# [Dataset items]
>>>

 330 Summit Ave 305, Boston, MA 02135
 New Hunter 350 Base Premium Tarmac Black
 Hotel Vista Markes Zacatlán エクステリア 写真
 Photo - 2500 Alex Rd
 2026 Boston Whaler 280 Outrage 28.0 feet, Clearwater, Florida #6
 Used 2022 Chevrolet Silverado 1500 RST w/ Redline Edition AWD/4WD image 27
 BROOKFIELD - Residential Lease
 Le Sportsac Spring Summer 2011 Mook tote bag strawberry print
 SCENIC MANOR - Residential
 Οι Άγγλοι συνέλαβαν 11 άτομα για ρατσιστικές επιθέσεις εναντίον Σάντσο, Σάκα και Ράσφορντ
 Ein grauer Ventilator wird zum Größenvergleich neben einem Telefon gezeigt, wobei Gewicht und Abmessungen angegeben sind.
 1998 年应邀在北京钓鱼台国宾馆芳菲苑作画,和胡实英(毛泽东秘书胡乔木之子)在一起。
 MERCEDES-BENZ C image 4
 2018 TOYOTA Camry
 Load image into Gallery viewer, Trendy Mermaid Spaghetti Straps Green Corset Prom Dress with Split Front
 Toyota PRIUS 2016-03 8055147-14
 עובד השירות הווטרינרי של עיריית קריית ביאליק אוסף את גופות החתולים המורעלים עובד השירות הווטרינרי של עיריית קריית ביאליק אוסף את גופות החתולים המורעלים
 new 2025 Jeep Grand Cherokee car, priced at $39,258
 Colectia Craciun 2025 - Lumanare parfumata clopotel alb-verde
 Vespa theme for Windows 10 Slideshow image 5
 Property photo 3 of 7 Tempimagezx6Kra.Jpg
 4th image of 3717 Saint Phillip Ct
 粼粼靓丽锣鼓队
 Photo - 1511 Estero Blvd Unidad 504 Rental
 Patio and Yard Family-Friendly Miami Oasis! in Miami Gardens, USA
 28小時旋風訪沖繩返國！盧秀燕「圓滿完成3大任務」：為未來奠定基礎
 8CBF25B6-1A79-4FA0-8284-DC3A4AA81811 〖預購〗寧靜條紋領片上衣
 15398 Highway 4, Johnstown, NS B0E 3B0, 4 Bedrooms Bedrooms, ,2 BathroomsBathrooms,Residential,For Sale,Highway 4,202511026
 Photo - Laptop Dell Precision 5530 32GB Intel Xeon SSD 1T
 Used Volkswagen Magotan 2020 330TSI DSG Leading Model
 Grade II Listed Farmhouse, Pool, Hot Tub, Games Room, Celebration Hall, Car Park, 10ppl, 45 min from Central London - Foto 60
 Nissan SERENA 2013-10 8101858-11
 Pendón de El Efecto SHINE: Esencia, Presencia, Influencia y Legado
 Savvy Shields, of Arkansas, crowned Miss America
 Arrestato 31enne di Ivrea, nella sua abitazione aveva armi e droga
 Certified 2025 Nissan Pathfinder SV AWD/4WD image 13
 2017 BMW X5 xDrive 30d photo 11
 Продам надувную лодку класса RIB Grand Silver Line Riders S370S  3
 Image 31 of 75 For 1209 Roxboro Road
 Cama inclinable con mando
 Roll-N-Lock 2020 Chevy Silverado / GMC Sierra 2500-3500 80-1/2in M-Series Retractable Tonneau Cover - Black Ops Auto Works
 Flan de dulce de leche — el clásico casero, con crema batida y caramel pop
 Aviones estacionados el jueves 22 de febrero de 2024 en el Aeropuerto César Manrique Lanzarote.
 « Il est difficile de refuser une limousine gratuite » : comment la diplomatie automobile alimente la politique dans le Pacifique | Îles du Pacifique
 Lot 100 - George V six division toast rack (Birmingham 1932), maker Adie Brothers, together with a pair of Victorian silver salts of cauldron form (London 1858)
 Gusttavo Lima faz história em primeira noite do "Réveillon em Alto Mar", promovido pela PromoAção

<<<

# [EXERCISE]
Return all the lines shown above, precisely as they stand.

# [RESPONSE AREA]
 330 Summit Ave 305, Boston, MA 02135
 New Hunter 350 Base Premium Tarmac Black
 Hotel Vista Markes Zacatlán エクステリア 写真
 Photo - 2500 Alex Rd
 2026 Boston Whaler 280 Outrage 28.0 feet, Clearwater, Florida #6
 Used 2022 Chevrolet Silverado 1500 RST w/ Redline Edition AWD/4WD image 27
 BROOKFIELD - Residential Lease
 Le Sportsac Spring Summer 2011 Mook tote bag strawberry print
 SCENIC MANOR - Residential
 Οι Άγγλοι συνέλαβαν 11 άτομα για ρατσιστικές επιθέσεις εναντίον Σάντσο, Σάκα και Ράσφορντ
 Ein grauer Ventilator wird zum Größenvergleich neben einem Telefon gezeigt, wobei Gewicht und Abmessungen angegeben sind.
 1998 年应邀在北京钓鱼台国宾馆芳菲苑作画,和胡实英(毛泽东秘书胡乔木之子)在一起。
 MERCEDES-BENZ C image 4
 2018 TOYOTA Camry
 Load image into Gallery viewer, Trendy Mermaid Spaghetti Straps Green Corset Prom Dress with Split Front
 Toyota PRIUS 2016-03 8055147-14
 עובד השירות הווטרינרי של עיריית קריית ביאליק אוסף את גופות החתולים המורעלים עובד השירות הווטרינרי של עיריית קריית ביאליק אוסף את גופות החתולים המורעלים
 new 2025 Jeep Grand Cherokee car, priced at $39,258
 Colectia Craciun 2025 - Lumanare parfumata clopotel alb-verde
 Vespa theme for Windows 10 Slideshow image 5
 Property photo 3 of 7 Tempimagezx6Kra.Jpg
 4th image of 3717 Saint Phillip Ct
 粼粼靓丽锣鼓队
 Photo - 1511 Estero Blvd Unidad 504 Rental
 Patio and Yard Family-Friendly Miami Oasis! in Miami Gardens, USA
 28小時旋風訪沖繩返國！盧秀燕「圓滿完成3大任務」：為未來奠定基礎
 8CBF25B6-1A79-4FA0-8284-DC3A4AA81811 〖預購〗寧靜條紋領片上衣
 15398 Highway 4, Johnstown, NS B0E 3B0, 4 Bedrooms Bedrooms, ,2 BathroomsBathrooms,Residential,For Sale,Highway 4,202511026
 Photo - Laptop Dell Precision 5530 32GB Intel Xeon SSD 1T
 Used Volkswagen Magotan 2020 330TSI DSG Leading Model
 Grade II Listed Farmhouse, Pool, Hot Tub, Games Room, Celebration Hall, Car Park, 10ppl, 45 min from Central London - Foto 60
 Nissan SERENA 2013-10 8101858-11
 Pendón de El Efecto SHINE: Esencia, Presencia, Influencia y Legado
 Savvy Shields, of Arkansas, crowned Miss America
 Arrestato 31enne di Ivrea, nella sua abitazione aveva armi e droga
 Certified 2025 Nissan Pathfinder SV AWD/4WD image 13
 2017 BMW X5 xDrive 30d photo 11
 Продам надувную лодку класса RIB Grand Silver Line Riders S370S  3
 Image 31 of 75 For 1209 Roxboro Road
 Cama inclinable con mando
 Roll-N-Lock 2020 Chevy Silverado / GMC Sierra 2500-3500 80-1/2in M-Series Retractable Tonneau Cover - Black Ops Auto Works
 Flan de dulce de leche — el clásico casero, con crema batida y caramel pop
 Aviones estacionados el jueves 22 de febrero de 2024 en el Aeropuerto César Manrique Lanzarote.
 « Il est difficile de refuser une limousine gratuite » : comment la diplomatie automobile alimente la politique dans le Pacifique | Îles du Pacifique
 Lot 100 - George V six division toast rack (Birmingham 1932), maker Adie Brothers, together with a pair of Victorian silver salts of cauldron form (London 1858)
 Gusttavo Lima faz história em primeira noite do "Réveillon em Alto Mar", promovido pela PromoAção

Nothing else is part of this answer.